Thursday 5 May 2011

Guild Elitists in World of Warcraft


Most adults can, within a few moments of talking to another person, establish whether or not there is mutual harmony on the horizon if they were to become friends. Friendship can, in some social cases in this day and age, be acquired by the click of a face book page, or the happy sitting together in a railway train carriage.

To have to apply through a complicated on-line 'question and answer' document is uncomfortable, intrusive, and missing the whole point of become a friend. Guilds, in the on-line MMORPG, rather rely on everyone in the guild being 'nice' or 'grown up' to each other. Not everyone can spare the time to turn an on-line game into some kind of macho high pressure sporting fixture and so for many of us, guilds are about a bunch of friends hacking at monsters as and when they all get on line together. But if you are the only one on line, you are expected to be able to look after yourself for a few hours should the need arise.

In this current season, being a member of a guild enables you to draw on 'perks' simply not available to solo players. Perks such as extra hit shore, faster cool downs, improved benefits, stronger equipment all allow the guild based player to level up faster, earn more gold quicker, and achieve success where teams are needed to defeat some of the quest challenges.

It is a two-way street, the guild benefits financially and socially from having an active membership, and the members benefit from having a powerful guild supporting them.
I understand a great many players are still young enough to have not worked out the social niceties of making friends with real adults in the real world, and the behaviour of a good many guild players leaves you with the belief that they are looking forward to their thirteenth birthday, or have discovered the word 'anal' or are so dim they cannot function unless someone is holding their hand.

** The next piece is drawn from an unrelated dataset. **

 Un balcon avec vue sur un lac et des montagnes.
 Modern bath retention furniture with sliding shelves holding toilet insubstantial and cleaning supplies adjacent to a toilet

An abundance of these players can bring a guild down with petty innuendo, lies, thefts, mistrust and a general childishness of silly arguments over the guild public channel. We say, 'We can do without the drama queens', and understand that all guilds will have some childish players, or even children, but a good many grown up children to balance the ratio and to keep the guild in good trim.



To have to apply by a complicated on line document, giving age, location, times of play, interests, gender, server likes and dislikes strikes me too much of applying for a job, not a social agreement to work together. I was looking for a group of like minded people to share 'guild perks' with while I help earn that guild more perks, and for me, it needs to be a fun thing, a warm social interchange, where I can be allowed to play as I wish to, but join in with group activities from time to time.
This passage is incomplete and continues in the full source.